I then started volunteering with a local rescue, Hopeful Hearts, founder Rosalind Phelps. I was with them for close to three years. I donated thousands of dollars. I was on the board for over a year. I did everything from answering inboxes, graphic design for all materials, organizing events, on the walkathon committee and much more. When the red flags started to go up, I should have taken my queue at that time but, sadly, continued to have trust. I continued to give money and work hard. All for not. That was an eye-opening experience, and one I never want to encounter, again. I have learned my lesson the hard way. Listen to those red flags. I know there are many others who have gone through what I went through. If only someone had warned me. I left in July 2013.
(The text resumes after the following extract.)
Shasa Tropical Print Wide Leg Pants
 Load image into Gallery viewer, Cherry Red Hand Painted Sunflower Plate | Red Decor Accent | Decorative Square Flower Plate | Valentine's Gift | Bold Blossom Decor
They have closed down since they lost their charity status. Abnormalities and irregularities were found during the CRA audit and there was no way their charity status was going to be reinstated.
We have fostered many dogs but are now just taking dogs overnight before they continue on their journey to their fosters. Zeetie is dog reactive and Max, also a rescue, follows in her footsteps sometimes, although not to the same extent.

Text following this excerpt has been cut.